:: TASK STATEMENT ::
In the entries below, begin at the line that has "Funny glitch in #NoMansSkyVoyagers 🤣" and stop after the line that has "Purple, variant on"; output those lines exactly, leaving out pictures.

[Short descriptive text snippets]
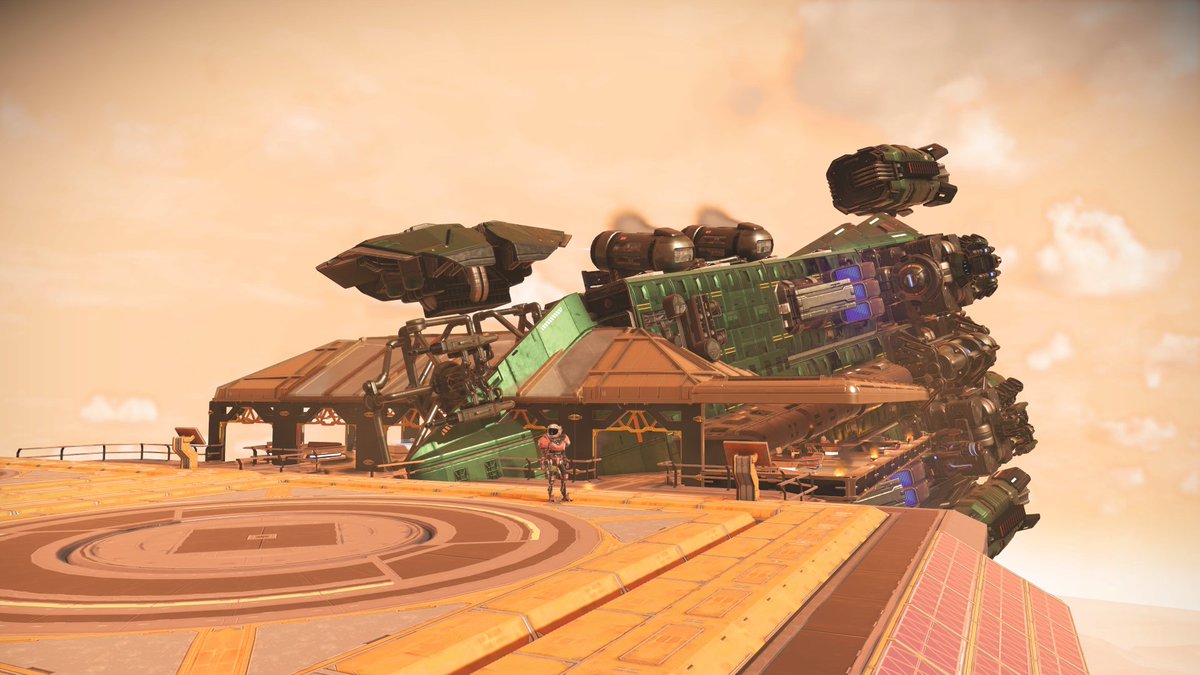 Damocles learning bad habits from Sivaptica...silly ship that not where you should land!

Funny glitch in #NoMansSkyVoyagers 🤣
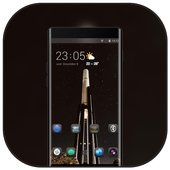 Space galaxy theme | launcher for hope icon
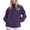 Purple, variant on Womens Mens Zip Up Hooded Windbreaker Cute Penguin Pumpkin Halloween Print Lightweight Water Resistant Outdoor Hiking Drawstring Hem Multi Pocket Casual Shell Jacket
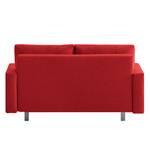 Schlafsofa Aura Webstoff Rot - Breite: 176 cm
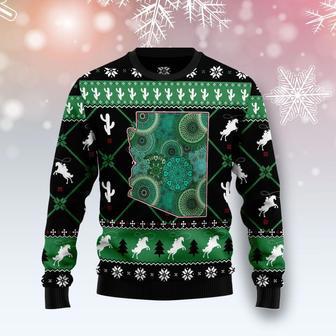 Arizona USA Symbols Pattern Ugly Christmas Sweater | Favorety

:: SOLUTION TO THE PROBLEM ::
Funny glitch in #NoMansSkyVoyagers 🤣
 Space galaxy theme | launcher for hope icon
 Purple, variant on Womens Mens Zip Up Hooded Windbreaker Cute Penguin Pumpkin Halloween Print Lightweight Water Resistant Outdoor Hiking Drawstring Hem Multi Pocket Casual Shell Jacket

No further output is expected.